# 5 a side football in HK



## Parfitt

Hi,

We are looking to play in a 5 a side football league. Does anyone know of one?

Thanks


----------



## dannyhunt84

Parfitt said:


> Hi,
> 
> We are looking to play in a 5 a side football league. Does anyone know of one?
> 
> Thanks



Hi Parfitt,

Google 'power soccer HK', the new season is about to start so not sure if you'll be able to get in to a league on time, but it's well run and the quality isn't too bad.

Cheers,

Danny


----------



## newtothekong

*5 a side*

Hello Parfitt and Danny

I'm keen to get involved in a bit of 5 a side if you know of any gaps or opportunities?

Best

James


----------



## dmist

Hi have recently relocated to hong kong from the u k and looking for a game of 5s if anyone is looking for a spare player

Cheers


----------



## Beardan

Hi,

I play in a 7-a-side comp called S7 (or something like that) usually out of Happy Valley. Try and google that or M7 comp on Monday nights. Also out of Happy Valley.

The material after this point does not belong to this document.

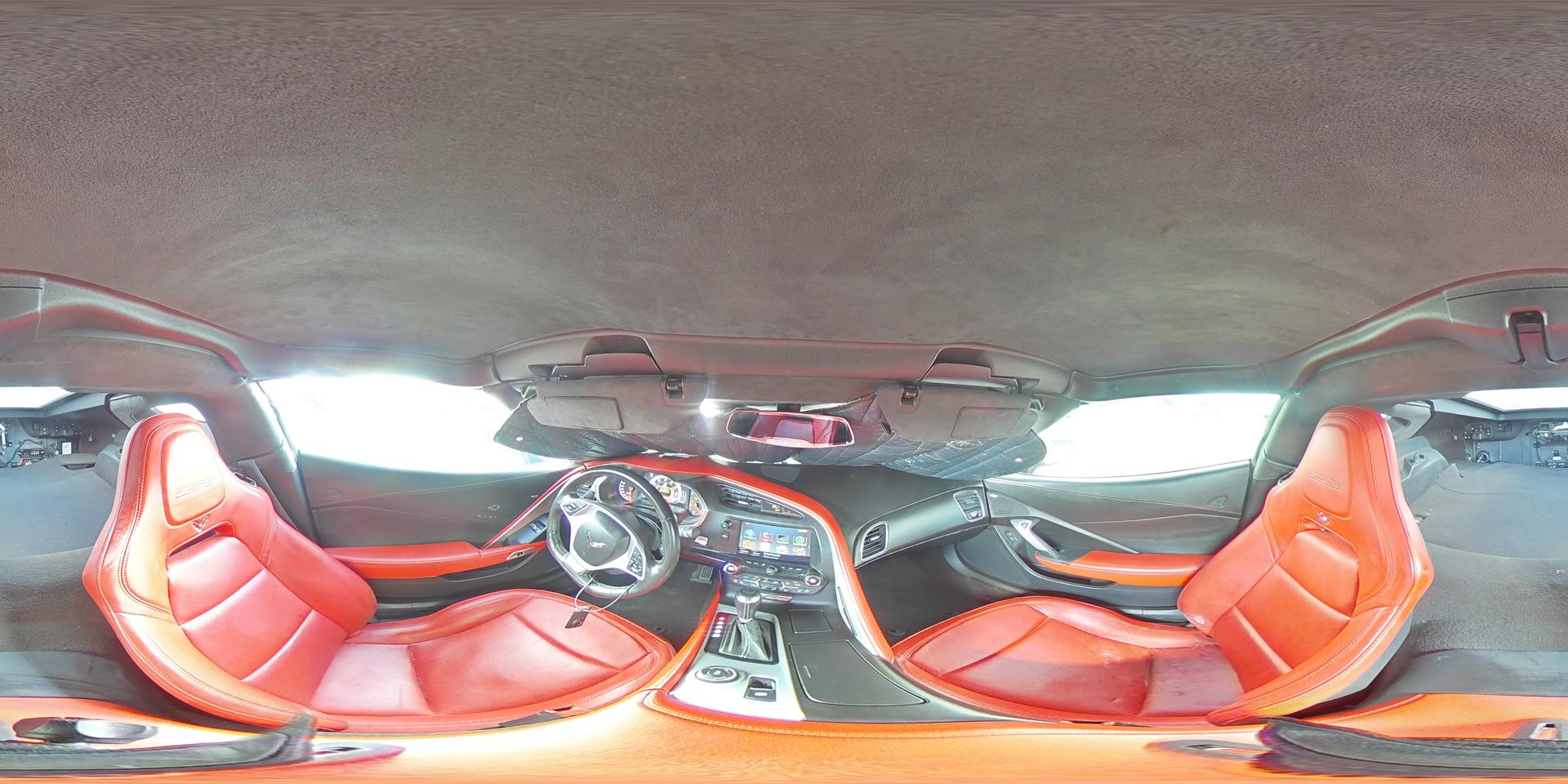 2018 CHEVROLET CORVETTE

Here is a link that is down at the moment but hopefully up soon: if you google ssleag you will hopefully get some info. May need a Chinese friend to help you translate..!!

Dan


----------



## AllAboutFootball

Power Soccer are starting a new league in Discovery Bay. its 6-a-side and there are still spaces available to register a team.

Outdoor on a Sunday 1-3pm. Quite a good way to meet new people if you are moving out here.


----------